Thirty-seven Bigfork Middle School students got a close-up view of Washington, D.C., Jamestown and Colonial Williamsburg recently.

The crew visited the nation’s capital and the first permanent English settlement in the U.S. April 21-25.

They were part of a group of 120 students from Arizona, Alaska, Florida, Missouri and Nebraska.

Some of the students took time last week to speak before the Community Foundation for a Better Bigfork, which helped sponsor the trip.

The students woke up at 6 a.m. each day and didn’t return to their hotel rooms until 10 p.m., Olivia Martel said.

“It inspired me and changed me a little bit,” she said, specifically referring to visits to the Vietnam and First and Second World War memorials.

On their first day in D.C., the students visited the World War II memorial.

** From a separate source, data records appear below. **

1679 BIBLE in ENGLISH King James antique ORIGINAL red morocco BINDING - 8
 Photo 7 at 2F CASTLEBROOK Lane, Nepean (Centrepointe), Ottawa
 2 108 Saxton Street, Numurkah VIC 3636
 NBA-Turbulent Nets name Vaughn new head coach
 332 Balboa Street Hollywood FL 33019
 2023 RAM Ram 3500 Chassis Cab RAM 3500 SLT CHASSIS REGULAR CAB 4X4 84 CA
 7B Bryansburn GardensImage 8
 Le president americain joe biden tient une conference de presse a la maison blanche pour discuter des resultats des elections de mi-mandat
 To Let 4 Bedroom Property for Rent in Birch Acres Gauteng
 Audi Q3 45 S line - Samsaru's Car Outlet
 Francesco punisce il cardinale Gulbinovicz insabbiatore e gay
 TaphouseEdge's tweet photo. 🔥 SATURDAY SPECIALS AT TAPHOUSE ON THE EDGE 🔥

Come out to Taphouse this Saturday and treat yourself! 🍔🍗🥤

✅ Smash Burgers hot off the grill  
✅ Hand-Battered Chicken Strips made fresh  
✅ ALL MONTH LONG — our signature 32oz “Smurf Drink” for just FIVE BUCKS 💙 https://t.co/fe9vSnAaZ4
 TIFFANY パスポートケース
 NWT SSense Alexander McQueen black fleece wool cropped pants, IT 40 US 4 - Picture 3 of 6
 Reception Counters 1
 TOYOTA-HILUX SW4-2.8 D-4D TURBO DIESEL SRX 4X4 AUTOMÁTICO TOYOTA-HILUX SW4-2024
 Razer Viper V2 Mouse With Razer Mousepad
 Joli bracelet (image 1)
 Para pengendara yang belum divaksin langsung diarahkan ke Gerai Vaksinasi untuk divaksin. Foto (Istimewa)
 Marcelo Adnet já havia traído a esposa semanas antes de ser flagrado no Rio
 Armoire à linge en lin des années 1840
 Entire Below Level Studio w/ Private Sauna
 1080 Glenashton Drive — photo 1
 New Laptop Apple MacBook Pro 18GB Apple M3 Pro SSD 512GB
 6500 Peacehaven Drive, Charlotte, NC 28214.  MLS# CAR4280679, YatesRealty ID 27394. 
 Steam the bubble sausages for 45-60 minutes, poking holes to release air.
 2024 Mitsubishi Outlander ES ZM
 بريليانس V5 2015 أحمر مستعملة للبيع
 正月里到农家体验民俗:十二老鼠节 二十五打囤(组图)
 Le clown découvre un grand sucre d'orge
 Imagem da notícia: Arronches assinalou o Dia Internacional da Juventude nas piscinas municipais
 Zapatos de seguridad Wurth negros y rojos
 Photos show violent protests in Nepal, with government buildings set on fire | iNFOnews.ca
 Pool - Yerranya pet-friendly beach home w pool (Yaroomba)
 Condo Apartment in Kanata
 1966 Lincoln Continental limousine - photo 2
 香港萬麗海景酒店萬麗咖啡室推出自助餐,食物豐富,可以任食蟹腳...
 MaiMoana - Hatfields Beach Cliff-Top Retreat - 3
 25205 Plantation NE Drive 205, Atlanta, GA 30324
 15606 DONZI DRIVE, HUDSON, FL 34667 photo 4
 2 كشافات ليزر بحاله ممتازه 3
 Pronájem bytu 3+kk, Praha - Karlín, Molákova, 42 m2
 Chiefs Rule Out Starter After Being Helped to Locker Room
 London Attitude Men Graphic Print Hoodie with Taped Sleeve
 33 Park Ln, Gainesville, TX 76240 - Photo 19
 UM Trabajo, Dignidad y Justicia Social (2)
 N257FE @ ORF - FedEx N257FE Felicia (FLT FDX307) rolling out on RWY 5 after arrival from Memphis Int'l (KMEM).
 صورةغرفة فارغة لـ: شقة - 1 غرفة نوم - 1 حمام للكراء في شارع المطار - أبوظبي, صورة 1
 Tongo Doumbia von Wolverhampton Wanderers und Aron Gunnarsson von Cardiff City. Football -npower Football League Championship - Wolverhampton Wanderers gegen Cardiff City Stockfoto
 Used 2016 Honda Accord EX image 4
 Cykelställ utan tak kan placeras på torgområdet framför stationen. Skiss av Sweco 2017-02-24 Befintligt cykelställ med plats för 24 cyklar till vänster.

Bigfork Elementary and Middle School Principal Matt Jensen — one of four chaperones — met former Bigfork High School Principal Paul Milam, who just happened to be visiting D.C. as part of the Big Sky Honor Flight, which organizes D.C. trips for veterans.

Julie Bonner, a fifth-grade language arts and social studies teacher who also chaperoned the students, reflected on the trip. Visiting the new Martin Luther King Jr. Memorial was special, as was a visit to Mount Vernon, which was part of a teacher program. Mount Vernon was special for Bonner because it brought back memories from her visit there in 1977 when she was an eight-year-old California student.

“It was kind of surreal at the beginning,” Henry Bjorge said. He noted they learned how bills get passed, about the different branches of government and saw numerous monuments. “We got to meet a lot of different students and (Sen.) Jon Tester,” he said.

“It’s way different than what you see on TV,” Isabel Lyons said. The visit was special for her because she got to do something that her 80-year-old grandmother hasn’t, she said.

“I think it’s really important for kids to go because as you learn things, you have the (visible) references,” Bonner said. “If they have a connection, it’s more interesting and exciting to learn about.”

Bonner noted that a gentleman who encountered the Bigfork students at a restaurant sent a congratulatory email about their good behaviour.

Bigfork Middle School plans on sending seventh- and eighth-grade students to D.C. every other year, Bonner said.